[hdu6567]Cotree

Time Limit: 2000/1000 MS (Java/Others)
Memory Limit: 262144/262144 K (Java/Others)

分数：2500
Problem Description
Avin has two trees which are not connected. He asks you to add an edge between them to make them connected while minimizing the function $∑^n_{i=1}∑^n_{j=i+1}dis(i,j)$, where $dis(i,j)$ represents the number of edges of the path from $i$ to $j$. He is happy with only the function value.

Input
The first line contains a number $n(2<=n<=100000)$. In each of the following $n−2$ lines, there are two numbers $u$ and $v$, meaning that there is an edge between $u$ and $v$. The input is guaranteed to contain exactly two trees.

Output
Just print the minimum function value.

Sample Input

3
1 2

Sample Output

4

题意：
给定一棵树的 $n-2$条边，让你加上一条边，让他变为一棵树，并且满足 $∑^n_{i=1}∑^n_{j=i+1}dis(i,j)$最小， $dis(i,j)$是 $i$到 $j$的距离。
题解：
首先我们对两个树进行dp，对每个节点计算 $g[x]$，表示为以 $x$为根节点
的子树中所有节点到根节点的距离之和。
然后我们再dfs一次计算对于一个节点来说，同一个树的其他所有点到这个点的距离之和 $p[i]$
那么 $(\sum p[i])/2$是不加边之前的答案。
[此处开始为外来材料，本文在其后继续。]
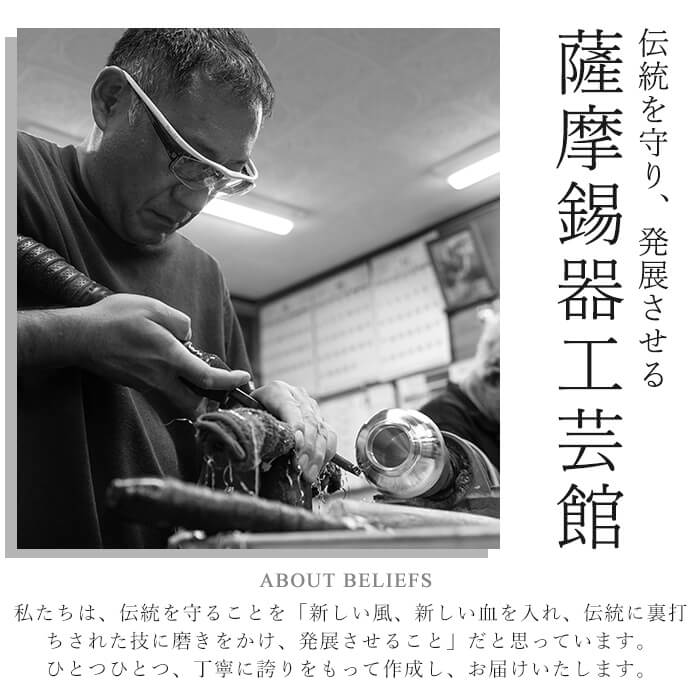 G0-007 阮ゥ鞫ゥ骭ォ蝎ィ縲鄂ョ迚ゥ陋逋ス(KIRISHIMA)縲占湊鞫ゥ骭ォ蝎ィ蟾・闃ク鬢ィ縲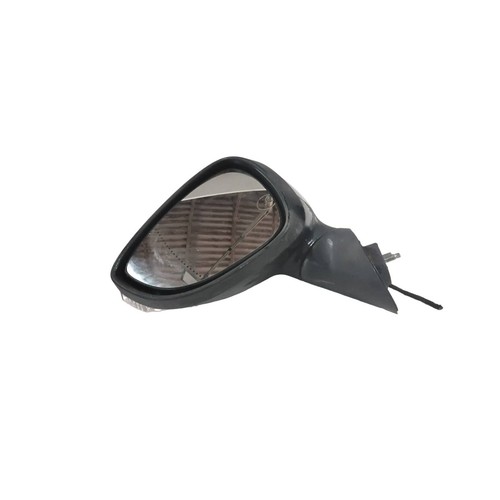 Ricambio specchietto elettrico - ricambio,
那么加边之后的答案，只需要找到两个数各自最小的两个 $p[i]$,设为 $a1$, $a2$,答案就是 $(a1+c1)*c2+a2*c1$

#include<bits/stdc++.h>
#define ll long long
using namespace std;
int n;
vector<int>G[200004];
int bl[200004],sz[200004];
ll g[200004],ans[4],res;
int c[4],rt[4];
void dfs(int x,int bt){
    bl[x]=bt;
    ++c[bt];
    sz[x]=1;g[x]=0;
    for(int i=0;i<G[x].size();i++){
        int to=G[x][i];
        if(bl[to])continue;
        dfs(to,bt);
        sz[x]+=sz[to];
        g[x]+=sz[to];
        g[x]+=g[to];
    }
}
void dfs2(int x,int fa,ll val){
    res+=val+g[x];
    //cout<<x<<" "<<val+g[x]<<" "<<bl[x]<<" || "<<endl;
    if(ans[bl[x]]==-1||(ans[bl[x]]!=-1&&ans[bl[x]]>val+g[x])){
        ans[bl[x]]=val+g[x];
    }
    for(int i=0;i<G[x].size();i++){
        int to=G[x][i];
        if(to==fa)continue;
        dfs2(to,x,val+c[bl[x]]-2*sz[to]+g[x]-g[to]);
    }
}
int w33ha(){
    res=0;
    for(int i=1;i<=n;i++){
        G[i].clear();
        g[i]=0;
        ans[i]=0;
        bl[i]=0;
    }
    c[1]=0;c[2]=0;
    rt[1]=0;rt[2]=0;
    ans[1]=-1;ans[2]=-1;
    for(int i=1;i<=n-2;i++){
        int u,v;scanf("%d%d",&u,&v);
        G[u].push_back(v);
        G[v].push_back(u);
    }
    int blo=0;
    for(int i=1;i<=n;i++){
        if(!bl[i]){
            dfs(i,++blo);
            rt[blo]=i;
        }
    }
    //for(int i=1;i<=n;i++)cout<<g[i]<<" ";cout<<endl;
    for(int i=1;i<=blo;i++){
        dfs2(rt[i],0,0);
    }
    //for(int i=1;i<=n;i++)cout<<bl[i]<<" ";cout<<endl;
    res>>=1;
    //cout<<res<<endl;
    //cout<<" "<<ans[1]<<" "<<ans[2]<<endl;
    printf("%lld\n",res+(ans[1]+c[1])*(c[2])+(ans[2]*c[1]));
    return 0;
}
int main(){
    while(scanf("%d",&n)!=EOF)w33ha();
    return 0;
}